* _SOURCE RECORDS_
..........

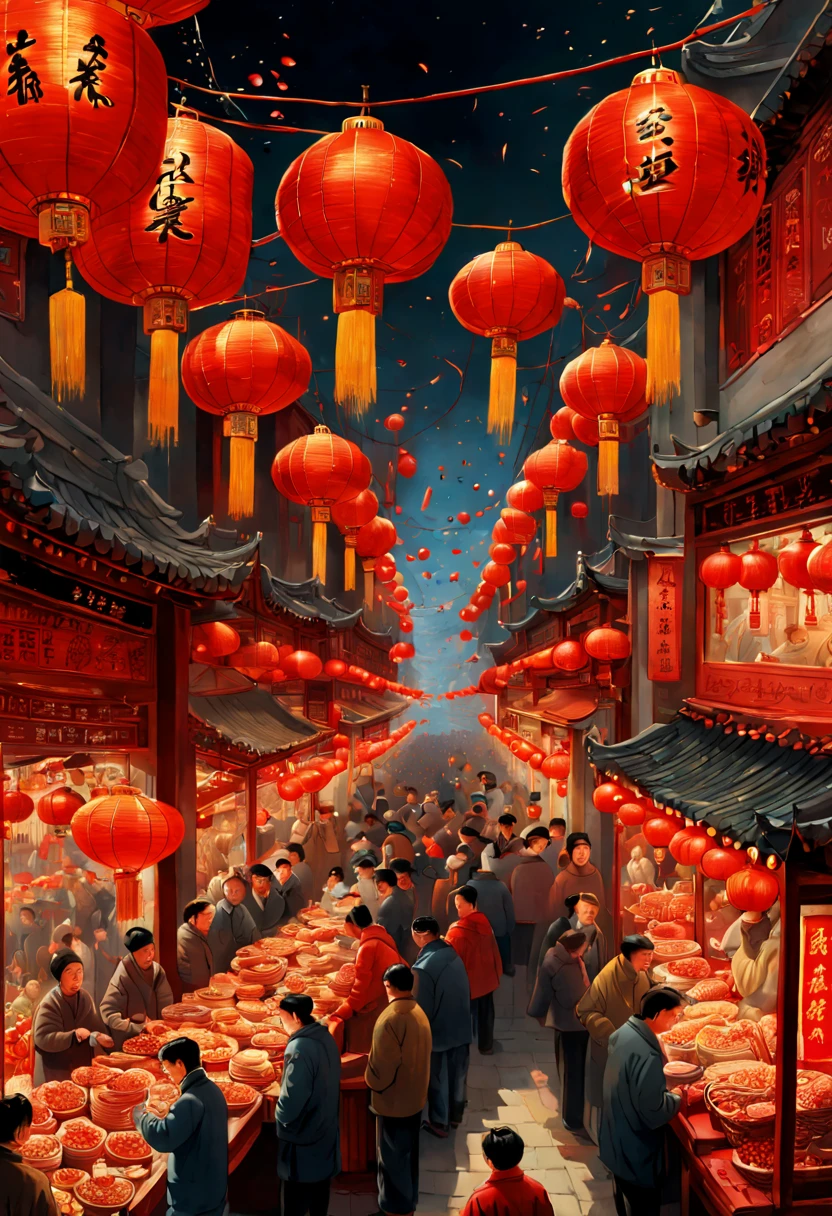An intricate vertical New Year's scroll painting in traditional Chinese style depicting a busy street market scene in Shanghai during Chinese New Year celebrations. People bargaining and buying decorations and food, red lanterns hanging overhead, firecrackers lighting up the night sky.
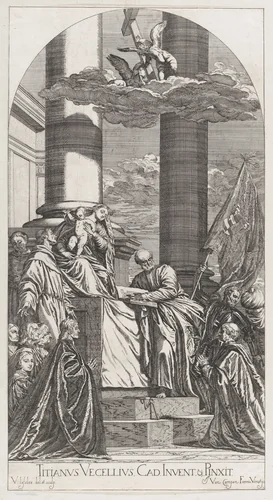 The Pesaro Madonna by Valentin Lefebvre, print, 1682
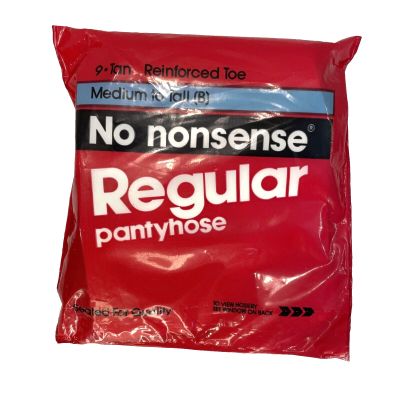 Vintage No Nonsense Regular Pantyhose Tan Medium to Tall Reinforced Toe 9 NIP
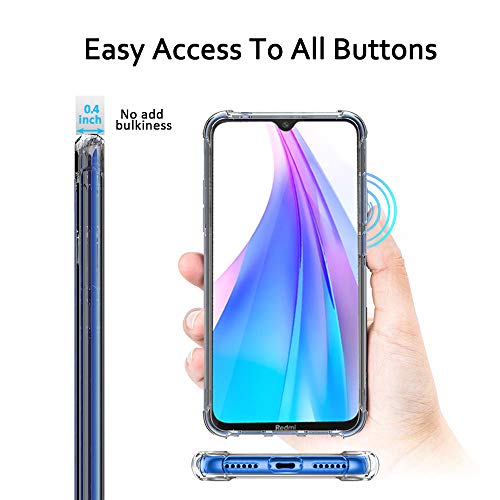 QHOHQ Funda para Xiaomi Redmi Note 8T, Cases Silicona Slim TPU Cuatro Esquinas Anti-caíd (Transparente)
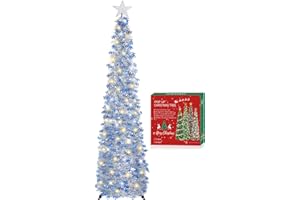 HMASYO Albero di Natale Artificiale Sottile 150cm a Paillettes Luccicante con Luci Integrate e Timer, Montaggio Istantaneo, Pieghevole - Decorazione per Interni Casa, Appartamento, Veranda, Feste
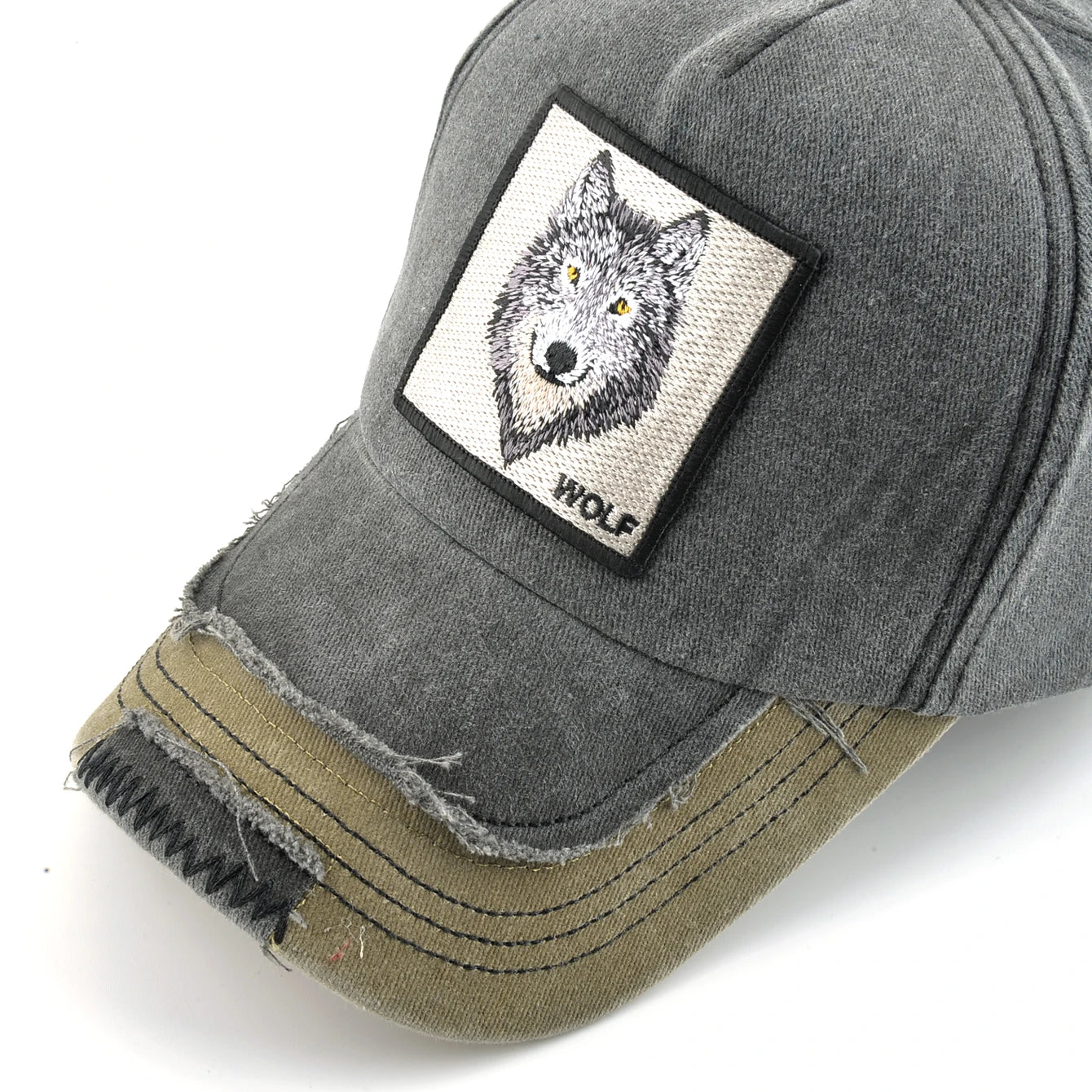 Boné Vintage Wolf Unissex – Algodão Lavado, Bordado Premium e Ajustável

..........

* _WHAT YOU WILL DO_
Produce an exact copy of the records above, leaving out the pictures.

* _SOLUTION FOR THIS TASK_
An intricate vertical New Year's scroll painting in traditional Chinese style depicting a busy street market scene in Shanghai during Chinese New Year celebrations. People bargaining and buying decorations and food, red lanterns hanging overhead, firecrackers lighting up the night sky.
 The Pesaro Madonna by Valentin Lefebvre, print, 1682
 Vintage No Nonsense Regular Pantyhose Tan Medium to Tall Reinforced Toe 9 NIP
 QHOHQ Funda para Xiaomi Redmi Note 8T, Cases Silicona Slim TPU Cuatro Esquinas Anti-caíd (Transparente)
 HMASYO Albero di Natale Artificiale Sottile 150cm a Paillettes Luccicante con Luci Integrate e Timer, Montaggio Istantaneo, Pieghevole - Decorazione per Interni Casa, Appartamento, Veranda, Feste
 Boné Vintage Wolf Unissex – Algodão Lavado, Bordado Premium e Ajustável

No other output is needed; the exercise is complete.